Your instructions: No pictures go into the copy. Write out every line below exactly.
Start of Data for processing
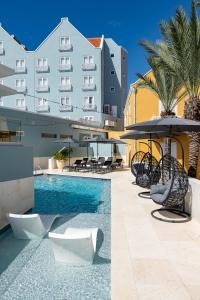 a pool with chairs and umbrellas next to a building at Harbor Hotel & Casino Curacao in Willemstad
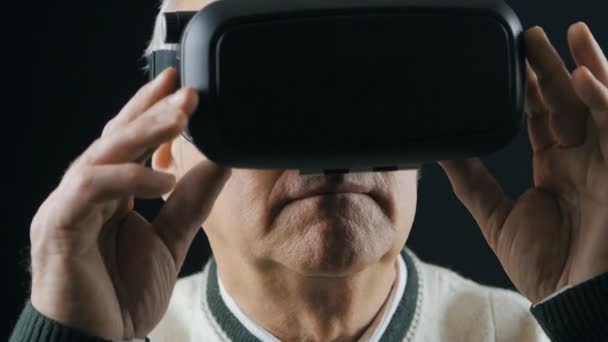 Nahaufnahme eines älteren Mannes, der Erfahrungen im Umgang mit VR-Headset im dunklen Raum sammelt — Stockvideo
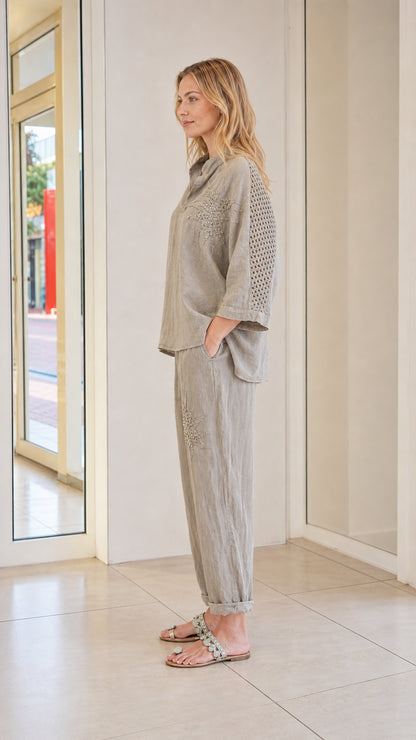 Side view of model wearing taupe two-piece set with sleeve detail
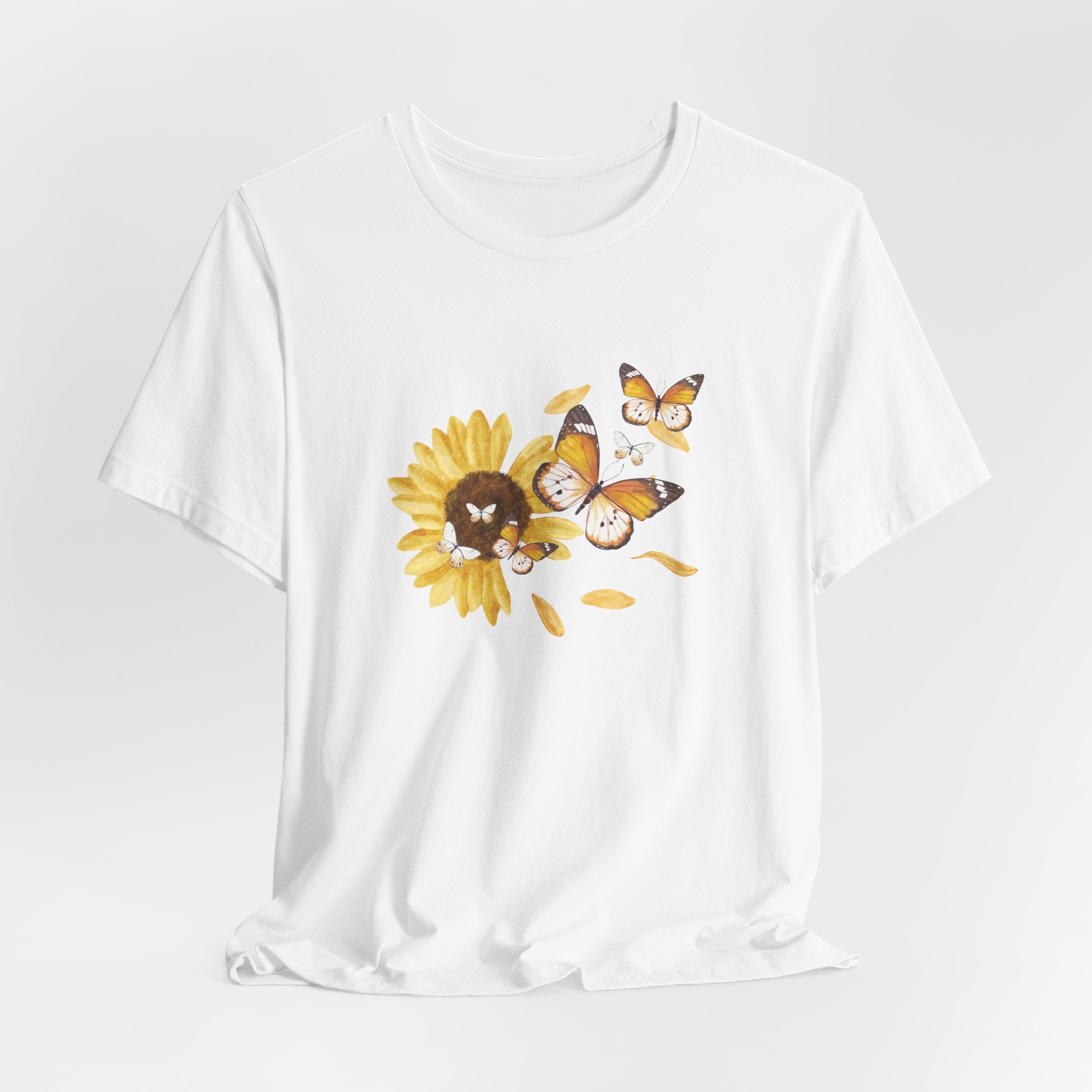 White t-shirt with a sunflower and butterfly graphic on a light gray background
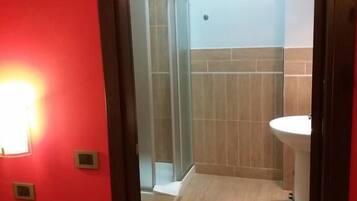 Un baño con cabina de ducha de vidrio, un lavamanos blanco y una pared roja.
End of Data for processing
Problem solution:
 a pool with chairs and umbrellas next to a building at Harbor Hotel & Casino Curacao in Willemstad
 Nahaufnahme eines älteren Mannes, der Erfahrungen im Umgang mit VR-Headset im dunklen Raum sammelt — Stockvideo
 Side view of model wearing taupe two-piece set with sleeve detail
 White t-shirt with a sunflower and butterfly graphic on a light gray background
 Un baño con cabina de ducha de vidrio, un lavamanos blanco y una pared roja.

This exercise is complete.